Possibly you've heard about "Hounddog," — "the Dakota Fanning rape movie," the scandal of Sundance 2007, whatever. Now it's finally being released, in a very minor way, and we can see, if not understand, what all the commotion was about.

There is a rape scene that involves Fanning, who was 12 years old at the time the picture was filmed, but it lasts less than 30 seconds. It's not at all explicit, but it's devastating nevertheless because of the way this uncannily resourceful actress conveys the horror of her character's violation using little more than the terror in her eyes. It should also be noted that the movie is beautifully filmed — veteran cinematographers Jim Denault and Edward Lachman shot the bulk of it, with gaffer Stephen Thompson stepping in toward the end, and they've captured a vibrant array of cornfield greens and loamy woodland browns and the look of mellow sunlight streaming through cheap curtains. There are also some very fine actors in the cast, among them Robin Wright Penn, David Morse and Afemo Omilami. Unfortunately, the movie in which they are marooned is dreadful in just about every other way.

The story is a Southern Gothic gumbo of surpassing gaudiness. The time is the late 1950s, the place some especially benighted part of the South. (The movie was shot in North Carolina.) Little Lewellen (Fanning) is a bored country girl with an abusive father (Morse) and an Elvis fixation. (She breaks into pelvis-twisting renditions of "Hound Dog" much more often than can possibly be good for her, or, after a while, interesting to anyone else.) Also on hand is Lewellen's Bible-clutching, whiskey-sippin' Grammie (Piper Laurie) and a strange lady identified in the credits as "Stranger Lady" (Penn).

David Morse, an actor of unusual emotional range, is here limited to two expressive modes. When we first meet him, he's a clichй backwoods brute ("Grab your daddy a beer"); later, after he's been knocked off his tractor by a bolt of lightning, he's a moon-faced simpleton, devoid of any further interest. Penn, for her part, pines and sighs and bruises easily, and is compelled to intone some very silly dialogue: Looking out a window at the collection of clapped-out cars that Daddy has left to rust away in a field, she sighs and says, "Emptiness pilin' on emptiness. What can he possibly do with all that emptiness?"

The movie is also inhabited by a passel of happy black folks — of a happiness, in fact, not seen since the heyday of D.W. Griffith.
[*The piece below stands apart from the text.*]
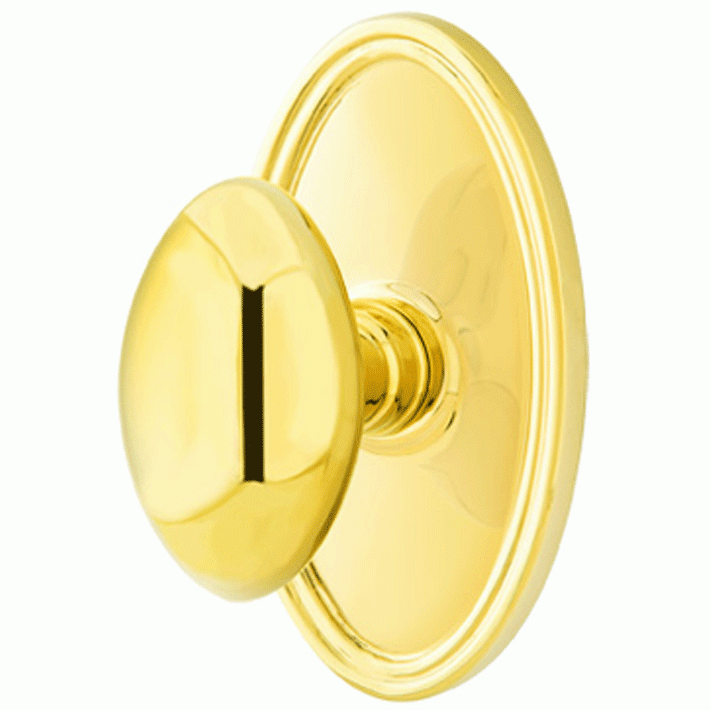 Emtek Solid Brass Egg Door Knob Set With Oval Rosette EMTEK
One of these grin-prone characters, a man named Charles (Omilami), befriends little Lewellen, and tells her things like, "Missy, you goan fall outta that tree an' bust yo behind." Charles is into snakes — but then the whole movie is into snakes, to an extent that could fairly be described as insane. They slither along branches and through tall grass, and occasionally rise up in phallic majesty. Charles milks snakes and eats snakes, and he seems to think that Lewellen has some special relationship to snakes, too. It's not clear what Lewellen thinks about this. And by the end of the film, after she has been robbed of her virginity and is lying in bed on a hot summer night and a whole herd of snakes come eeling in through her window to gently arrange themselves on and around her body, we don't know what to think, either. Our minds have shut down in troubled disbelief.